→ **EXTRACTED ENTRIES**:
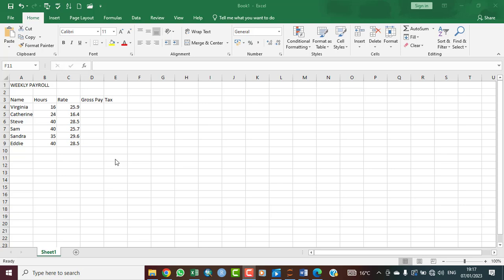Hello and welcome. My name is Chris Njoku. What I'm about to do here is to calculate two very important aspects of a weekly payroll: the gross pay and then the tax. Here we have names of individuals, the hours of work, and then the rates per hour.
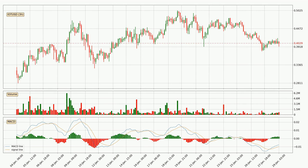Looking at the three-hourly MACD, the MACD line is above the signal line, which shows that the current trend is on the upside. As we can see from the MACD histogram, the momentum is indecisive at this moment. This means that we can expect the price to remain the same for some time and you should wait for the MACD line to cross the signal line — this will mean it's bearish.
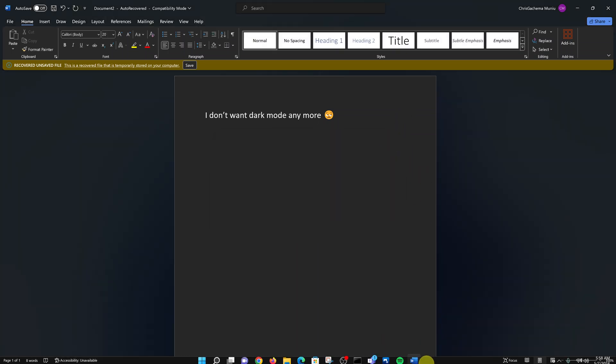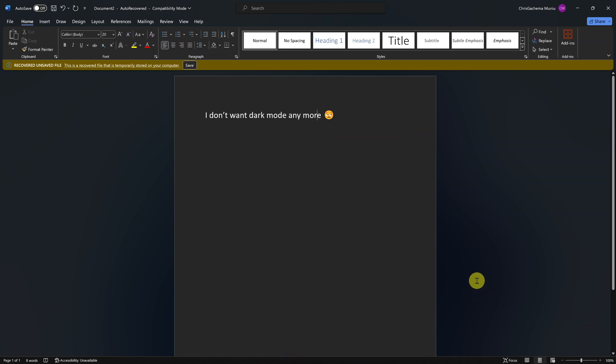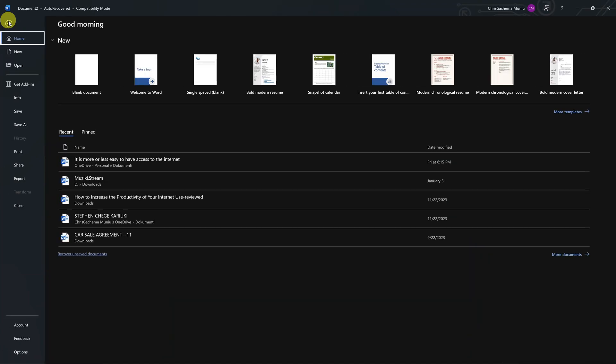Welcome back. In today's tech tip, I'll be showing you how to turn off dark mode if you no longer want it. Simply launch Microsoft Word, then go to File in the top left corner and click on that.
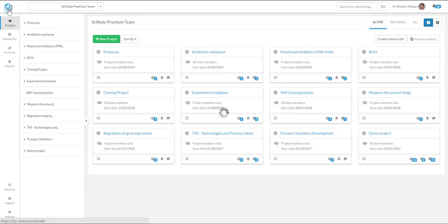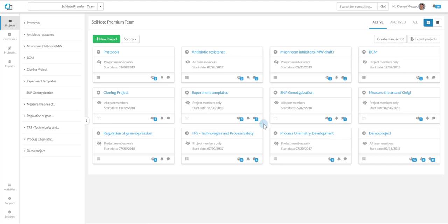Once your data is organized in SciNote by projects, experiments, and tasks, Manuscript Writer will enable you to generate a draft of your manuscript.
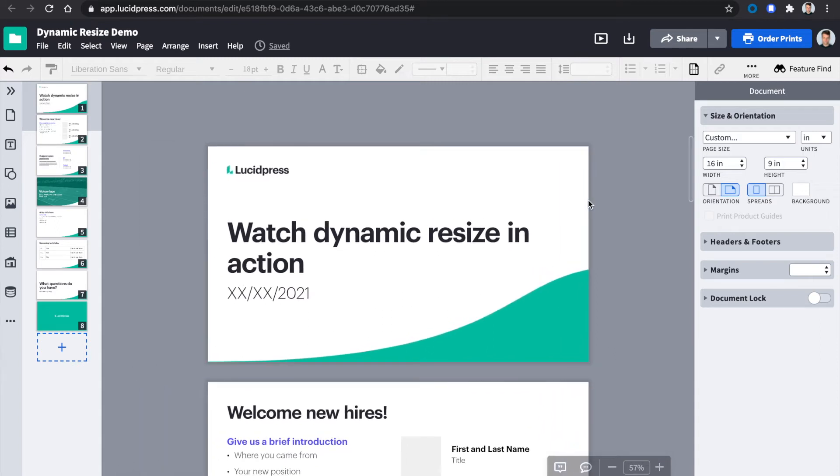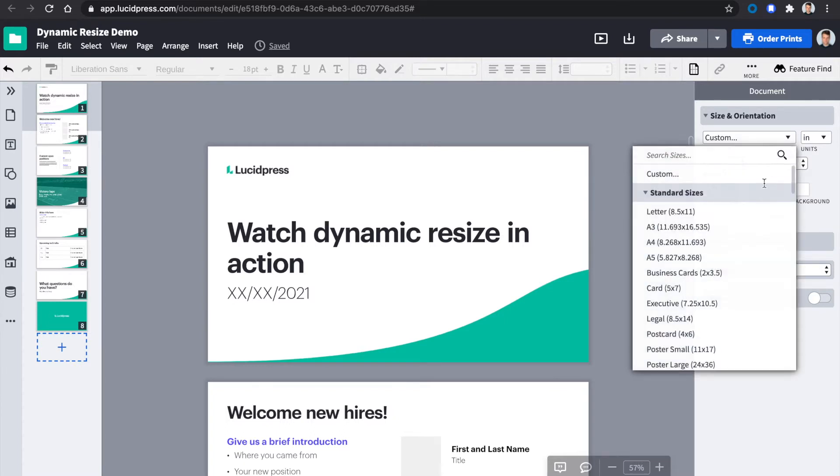Today, we will learn how to use the Dynamic Resize feature. Dynamic Resize is a tool that allows you to resize your content quickly when you change the size of your document pages.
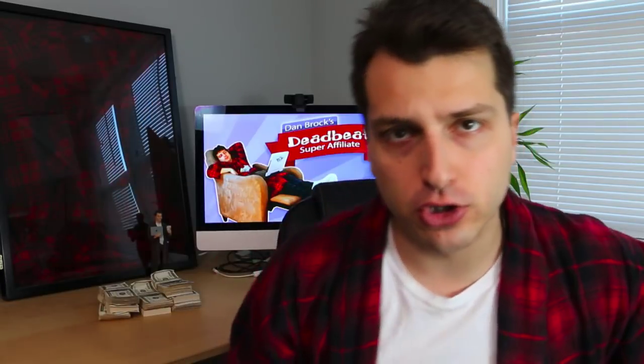Alright so how to rank number one on YouTube and Google in 2018. My name is Dan Barak the Deadbeat super affiliate and if you're trying to build a passive income online business from the comfort of your living room sofa this is the channel for you. So make sure you hit that subscribe button and tick that bell icon so you're notified of any videos that I release when I release them.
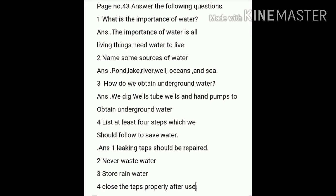Listen the first question. Answer the following question. First one is: what is the importance of water? Answer — all of you listen: the importance of water is all living things need water to live.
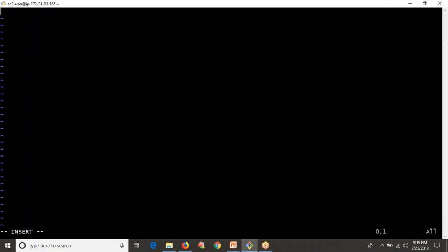First thing, I need to read a path from the user. So I'll use input() to prompt: 'Enter your path'. After reading the path, that path may be a valid path or an invalid path.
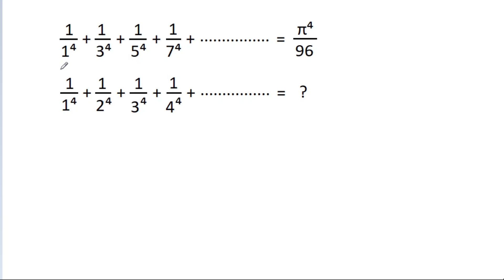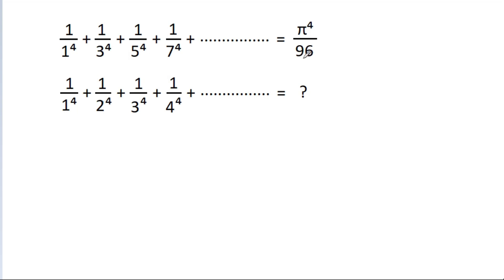In this video, we have been given that 1/1⁴ + 1/3⁴ + 1/5⁴ + 1/7⁴ + ... is equal to π⁴/96.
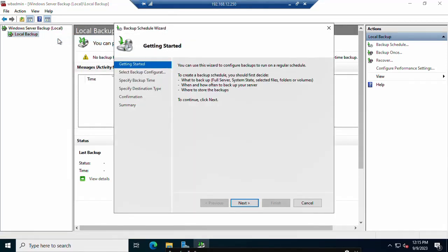Once you click 'Backup Schedule,' the Backup Schedule Wizard opens. There are multiple backup options: System State, Selected Files, and Full Server. 'Bare Metal' is for a complete OS backup directly to the physical drive. Since we are working on virtualization, and I only need Active Directory and Group Policy backup, I will select only the System State option.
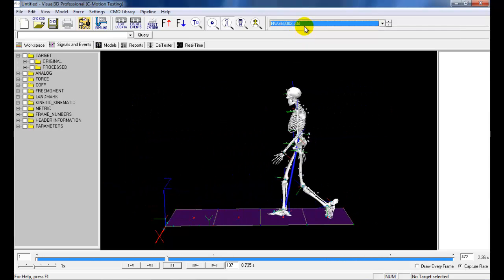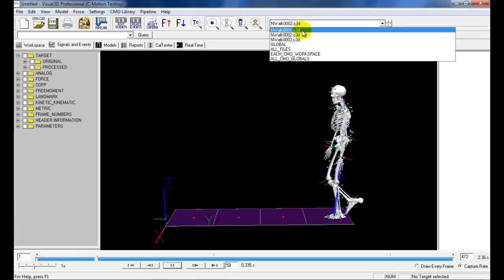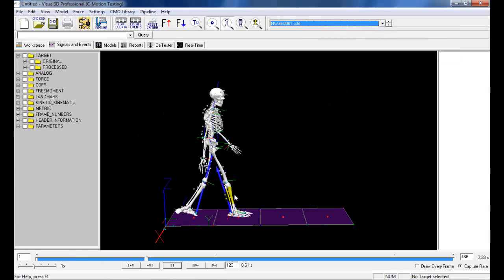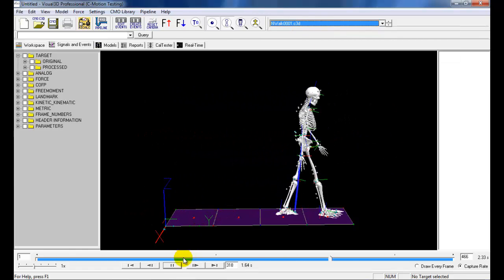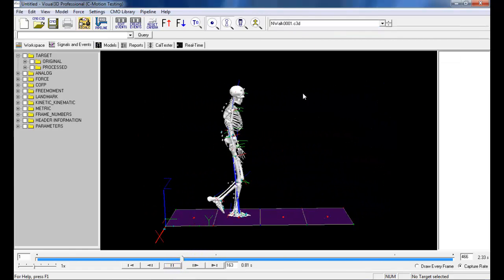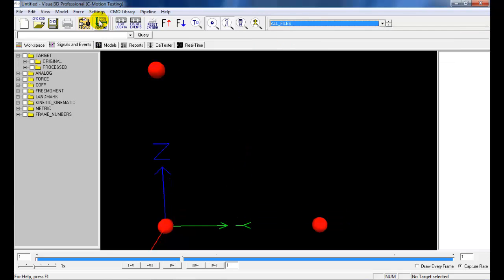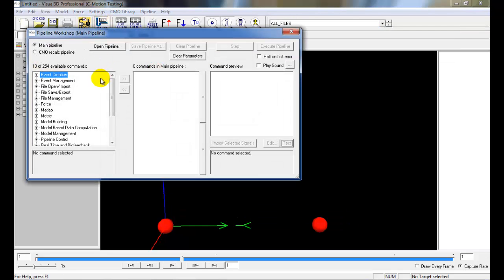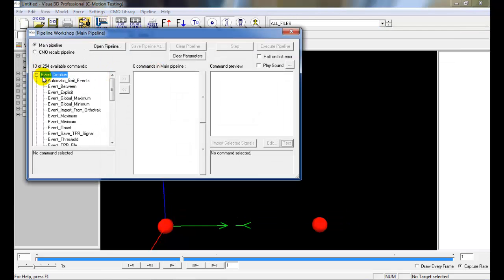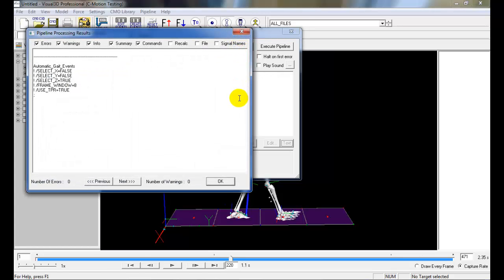Force assignments should be verified before applying the automatic gait event, because gait events are actually based on the force assignments. Once force assignments have been verified, it is possible to run the automatic gait event to identify the heel strikes and toe-off, as well as force plate contacts throughout the trials.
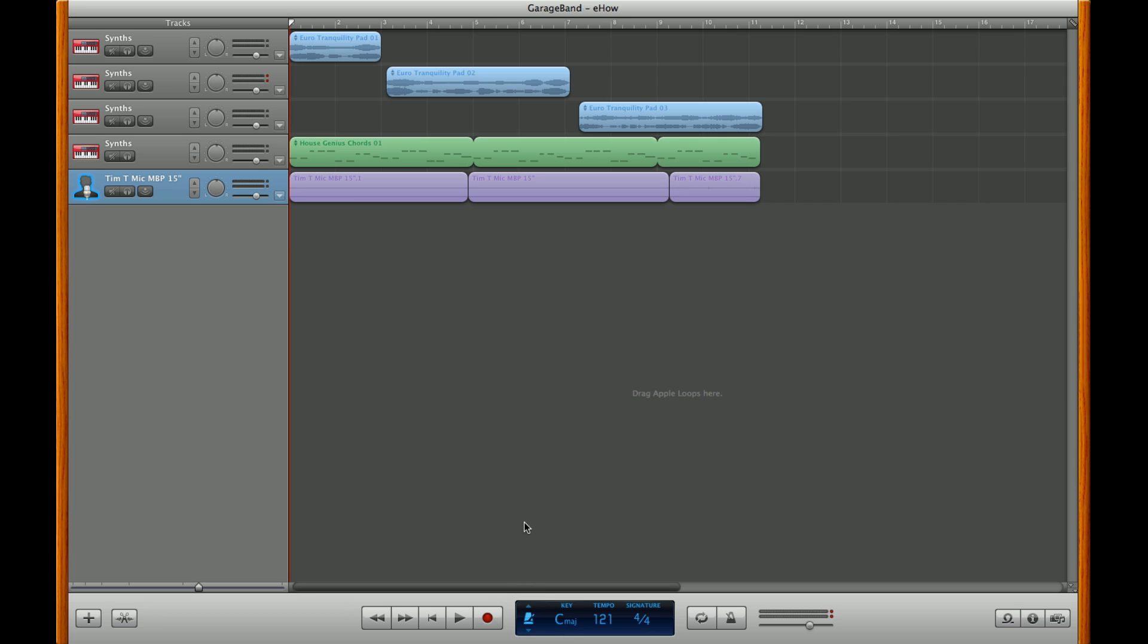Project allows you to change the key, tempo, and signature of your tracks.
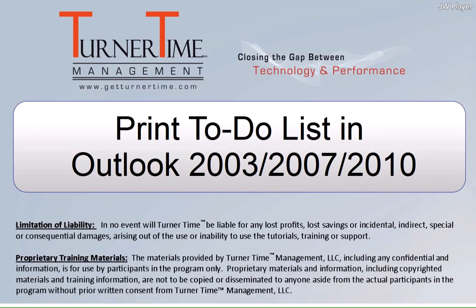Here's another Turner Time tip. This tip is on how to print a to-do list in Microsoft Outlook.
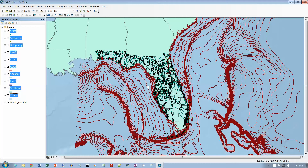This is what we end up with. Our colors are going to be different because ArcMap just selects random colors, but the image otherwise should be the same as what we see on page 209. It looks like what it may do is put the polygons on the bottom in alphabetical order, the lines above that in alphabetical order, and the points above that — which makes sense. You want the points on top and the polygons on the bottom.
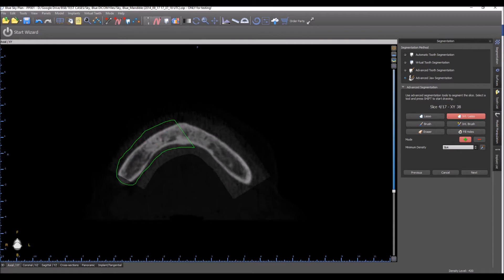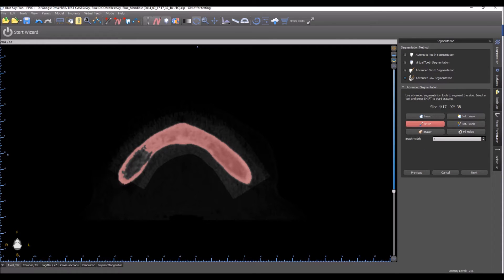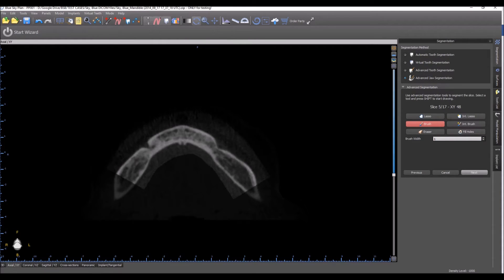The area on the screen that looks a bit brighter is the area that we defined by drawing the rectangle in the first step. Here this area isn't completely closed off, which is why the fill holes tool didn't fill it in. So we're going to go to brush and fill that, then click fill holes and it's completed.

→ **INSTRUCTIONS FOR THE TASK**: Drop the pictures; return the lines above from the line containing "Once your data" to the line containing "Once you click", both included, exactly.

→ **YOUR RESPONSE**:
Once your data is organized in SciNote by projects, experiments, and tasks, Manuscript Writer will enable you to generate a draft of your manuscript.
Today, we will learn how to use the Dynamic Resize feature. Dynamic Resize is a tool that allows you to resize your content quickly when you change the size of your document pages.
Alright so how to rank number one on YouTube and Google in 2018. My name is Dan Barak the Deadbeat super affiliate and if you're trying to build a passive income online business from the comfort of your living room sofa this is the channel for you. So make sure you hit that subscribe button and tick that bell icon so you're notified of any videos that I release when I release them.
Listen the first question. Answer the following question. First one is: what is the importance of water? Answer — all of you listen: the importance of water is all living things need water to live.
First thing, I need to read a path from the user. So I'll use input() to prompt: 'Enter your path'. After reading the path, that path may be a valid path or an invalid path.
In this video, we have been given that 1/1⁴ + 1/3⁴ + 1/5⁴ + 1/7⁴ + ... is equal to π⁴/96.
Once you click 'Backup Schedule,' the Backup Schedule Wizard opens. There are multiple backup options: System State, Selected Files, and Full Server. 'Bare Metal' is for a complete OS backup directly to the physical drive. Since we are working on virtualization, and I only need Active Directory and Group Policy backup, I will select only the System State option.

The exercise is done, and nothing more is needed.